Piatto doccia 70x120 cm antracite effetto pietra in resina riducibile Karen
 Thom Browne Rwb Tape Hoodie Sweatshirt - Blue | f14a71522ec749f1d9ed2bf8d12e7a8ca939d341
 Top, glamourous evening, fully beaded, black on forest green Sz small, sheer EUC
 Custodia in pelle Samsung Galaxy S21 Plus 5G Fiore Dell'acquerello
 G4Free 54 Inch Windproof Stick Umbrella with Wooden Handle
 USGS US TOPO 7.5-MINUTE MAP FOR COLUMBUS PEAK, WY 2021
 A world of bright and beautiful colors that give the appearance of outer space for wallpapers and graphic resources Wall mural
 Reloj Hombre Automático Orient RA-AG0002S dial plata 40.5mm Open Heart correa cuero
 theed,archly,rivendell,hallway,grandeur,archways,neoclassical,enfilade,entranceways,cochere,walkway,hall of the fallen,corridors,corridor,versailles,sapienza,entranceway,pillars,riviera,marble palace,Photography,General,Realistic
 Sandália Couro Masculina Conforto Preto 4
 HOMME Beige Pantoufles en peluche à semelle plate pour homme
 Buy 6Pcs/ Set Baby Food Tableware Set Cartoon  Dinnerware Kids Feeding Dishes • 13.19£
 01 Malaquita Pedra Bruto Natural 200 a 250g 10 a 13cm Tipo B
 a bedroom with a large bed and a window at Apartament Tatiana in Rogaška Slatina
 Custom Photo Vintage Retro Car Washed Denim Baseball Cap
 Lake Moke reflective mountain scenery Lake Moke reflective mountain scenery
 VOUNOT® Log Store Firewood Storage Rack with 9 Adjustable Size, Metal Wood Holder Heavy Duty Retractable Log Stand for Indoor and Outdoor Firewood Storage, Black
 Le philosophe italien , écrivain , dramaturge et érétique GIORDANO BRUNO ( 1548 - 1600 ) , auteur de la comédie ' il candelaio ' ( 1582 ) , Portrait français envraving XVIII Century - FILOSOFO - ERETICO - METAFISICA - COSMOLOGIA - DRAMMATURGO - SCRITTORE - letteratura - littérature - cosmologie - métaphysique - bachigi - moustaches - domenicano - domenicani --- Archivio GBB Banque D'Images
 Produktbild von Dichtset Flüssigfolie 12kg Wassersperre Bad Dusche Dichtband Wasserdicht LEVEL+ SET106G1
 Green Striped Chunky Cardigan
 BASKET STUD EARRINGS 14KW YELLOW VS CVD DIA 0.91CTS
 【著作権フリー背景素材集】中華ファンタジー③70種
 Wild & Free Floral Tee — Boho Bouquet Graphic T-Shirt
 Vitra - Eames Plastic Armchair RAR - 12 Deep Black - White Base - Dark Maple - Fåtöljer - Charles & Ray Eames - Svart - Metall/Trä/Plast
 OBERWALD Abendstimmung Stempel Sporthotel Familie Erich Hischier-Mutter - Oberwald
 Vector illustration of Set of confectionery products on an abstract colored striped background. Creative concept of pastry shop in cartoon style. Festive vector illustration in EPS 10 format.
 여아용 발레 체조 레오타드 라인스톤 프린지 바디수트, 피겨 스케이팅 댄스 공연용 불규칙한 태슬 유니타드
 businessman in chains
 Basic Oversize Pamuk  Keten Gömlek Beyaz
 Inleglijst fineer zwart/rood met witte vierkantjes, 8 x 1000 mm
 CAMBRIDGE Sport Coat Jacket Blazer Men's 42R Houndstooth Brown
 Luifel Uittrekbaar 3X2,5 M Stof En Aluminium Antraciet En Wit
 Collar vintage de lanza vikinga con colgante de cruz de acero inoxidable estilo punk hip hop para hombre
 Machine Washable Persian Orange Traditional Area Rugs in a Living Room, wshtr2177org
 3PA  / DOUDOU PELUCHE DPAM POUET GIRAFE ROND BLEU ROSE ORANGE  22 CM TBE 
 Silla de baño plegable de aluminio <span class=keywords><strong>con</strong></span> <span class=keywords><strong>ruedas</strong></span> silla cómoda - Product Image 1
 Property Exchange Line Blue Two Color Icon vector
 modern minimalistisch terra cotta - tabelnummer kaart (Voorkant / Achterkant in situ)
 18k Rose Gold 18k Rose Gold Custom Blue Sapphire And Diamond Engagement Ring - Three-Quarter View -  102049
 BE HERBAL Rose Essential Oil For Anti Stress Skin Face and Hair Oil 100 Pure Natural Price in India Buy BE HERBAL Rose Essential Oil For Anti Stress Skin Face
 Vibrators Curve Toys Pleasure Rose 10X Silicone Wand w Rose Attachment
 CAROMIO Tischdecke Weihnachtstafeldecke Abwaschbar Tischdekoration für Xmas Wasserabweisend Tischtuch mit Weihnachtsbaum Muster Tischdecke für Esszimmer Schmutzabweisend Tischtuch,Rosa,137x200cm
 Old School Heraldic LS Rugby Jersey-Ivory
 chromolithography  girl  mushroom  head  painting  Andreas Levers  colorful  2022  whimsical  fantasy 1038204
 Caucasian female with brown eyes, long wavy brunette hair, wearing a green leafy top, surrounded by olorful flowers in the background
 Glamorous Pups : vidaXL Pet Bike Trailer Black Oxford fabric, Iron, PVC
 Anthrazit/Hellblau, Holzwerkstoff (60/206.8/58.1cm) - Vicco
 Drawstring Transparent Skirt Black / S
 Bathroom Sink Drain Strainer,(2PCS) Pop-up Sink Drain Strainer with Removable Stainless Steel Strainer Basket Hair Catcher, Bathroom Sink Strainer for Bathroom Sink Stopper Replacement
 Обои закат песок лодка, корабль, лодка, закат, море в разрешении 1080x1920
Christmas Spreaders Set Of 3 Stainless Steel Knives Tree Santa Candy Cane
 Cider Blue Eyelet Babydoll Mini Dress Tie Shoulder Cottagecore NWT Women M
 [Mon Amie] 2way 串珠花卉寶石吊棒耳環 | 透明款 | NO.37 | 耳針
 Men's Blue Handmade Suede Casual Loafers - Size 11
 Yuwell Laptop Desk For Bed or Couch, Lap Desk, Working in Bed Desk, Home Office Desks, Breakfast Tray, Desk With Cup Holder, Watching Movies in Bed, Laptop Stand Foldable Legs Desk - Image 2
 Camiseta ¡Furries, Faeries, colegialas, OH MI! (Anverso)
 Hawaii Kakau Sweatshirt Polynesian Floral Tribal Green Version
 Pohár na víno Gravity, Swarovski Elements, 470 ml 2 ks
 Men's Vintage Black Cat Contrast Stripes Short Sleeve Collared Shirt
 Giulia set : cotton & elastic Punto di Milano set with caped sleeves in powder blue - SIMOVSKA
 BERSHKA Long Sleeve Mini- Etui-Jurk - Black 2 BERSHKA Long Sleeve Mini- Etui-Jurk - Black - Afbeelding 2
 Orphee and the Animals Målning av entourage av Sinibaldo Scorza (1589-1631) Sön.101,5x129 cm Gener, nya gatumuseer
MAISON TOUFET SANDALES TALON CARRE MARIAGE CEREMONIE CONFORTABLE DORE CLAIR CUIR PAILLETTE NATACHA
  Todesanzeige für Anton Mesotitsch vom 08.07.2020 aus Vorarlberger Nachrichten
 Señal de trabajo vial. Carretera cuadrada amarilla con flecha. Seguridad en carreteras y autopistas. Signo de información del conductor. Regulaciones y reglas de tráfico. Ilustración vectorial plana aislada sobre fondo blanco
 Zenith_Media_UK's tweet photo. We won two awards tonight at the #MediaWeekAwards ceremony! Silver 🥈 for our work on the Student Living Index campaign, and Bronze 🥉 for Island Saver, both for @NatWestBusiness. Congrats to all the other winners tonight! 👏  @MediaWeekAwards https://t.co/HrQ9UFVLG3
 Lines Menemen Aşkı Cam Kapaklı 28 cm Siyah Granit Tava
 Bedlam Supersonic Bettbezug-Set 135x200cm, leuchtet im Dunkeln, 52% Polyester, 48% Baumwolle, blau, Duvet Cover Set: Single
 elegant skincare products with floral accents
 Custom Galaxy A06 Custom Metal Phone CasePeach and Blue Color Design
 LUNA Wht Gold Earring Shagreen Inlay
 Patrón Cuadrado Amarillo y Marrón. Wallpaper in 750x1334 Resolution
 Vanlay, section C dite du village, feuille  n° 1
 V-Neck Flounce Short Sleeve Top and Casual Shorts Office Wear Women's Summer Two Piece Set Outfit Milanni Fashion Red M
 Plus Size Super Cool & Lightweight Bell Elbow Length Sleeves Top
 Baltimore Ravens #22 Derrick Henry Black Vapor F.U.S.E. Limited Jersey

### EXERCISE BRIEF
Each line from the top of the data, up to and including the line that contains "Reloj Hombre Automático", should be set down exactly.

### OUTPUT FOR THIS TASK
Piatto doccia 70x120 cm antracite effetto pietra in resina riducibile Karen
 Thom Browne Rwb Tape Hoodie Sweatshirt - Blue | f14a71522ec749f1d9ed2bf8d12e7a8ca939d341
 Top, glamourous evening, fully beaded, black on forest green Sz small, sheer EUC
 Custodia in pelle Samsung Galaxy S21 Plus 5G Fiore Dell'acquerello
 G4Free 54 Inch Windproof Stick Umbrella with Wooden Handle
 USGS US TOPO 7.5-MINUTE MAP FOR COLUMBUS PEAK, WY 2021
 A world of bright and beautiful colors that give the appearance of outer space for wallpapers and graphic resources Wall mural
 Reloj Hombre Automático Orient RA-AG0002S dial plata 40.5mm Open Heart correa cuero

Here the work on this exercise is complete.